- Born: Timothy T. Mitchum July 26, 1992 (age 33) Rochester, New York
- Other name: Timothy Mitchum
- Parent(s): Tim and Sandi Mitchum

= Timothy Mitchum =

American actor and singer (born 1992)

Timothy T. Mitchum (born July 26, 1992 in Rochester, New York) is an American actor and singer. Mitchum performed the Beatles song "Let It Be" in the 2007 film Across the Universe, which he performed together with Carol Woods.

In 2003, Mitchum attended Best New Talent in LA, and landed the role as the lion prince Simba in The Lion King. He played the role as Simba for 13 months, and was later asked to return but because he had grown taller and his voice had gotten deeper, he could no longer fit the role as Simba. He also appeared at the New York Metro Fest for Beatles Fans and performed "Let It Be" alongside the Beatles tribute band Liverpool. He also premiered in August Rush with Robin Williams and Terrence Howard.

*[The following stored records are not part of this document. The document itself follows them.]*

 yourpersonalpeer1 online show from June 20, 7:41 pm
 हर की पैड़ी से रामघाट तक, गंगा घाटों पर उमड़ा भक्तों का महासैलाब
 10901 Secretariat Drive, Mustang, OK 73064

According to imdb.com, Mitchum also appeared in Law & Order: Criminal Intent and Conviction.

==Grammy Awards==
In February 2008 Mitchum performed "Let It Be" at the Grammys and appeared on The Ellen DeGeneres Show. After the Grammys, Mitchum met with Stevie Wonder and together they performed "For Once in My Life" on their harmonicas.

==Currently==
Timothy is currently attending the State University of New York at Fredonia's School of Music. He is also a member of SUNY Fredonia's Weapons of Jazz.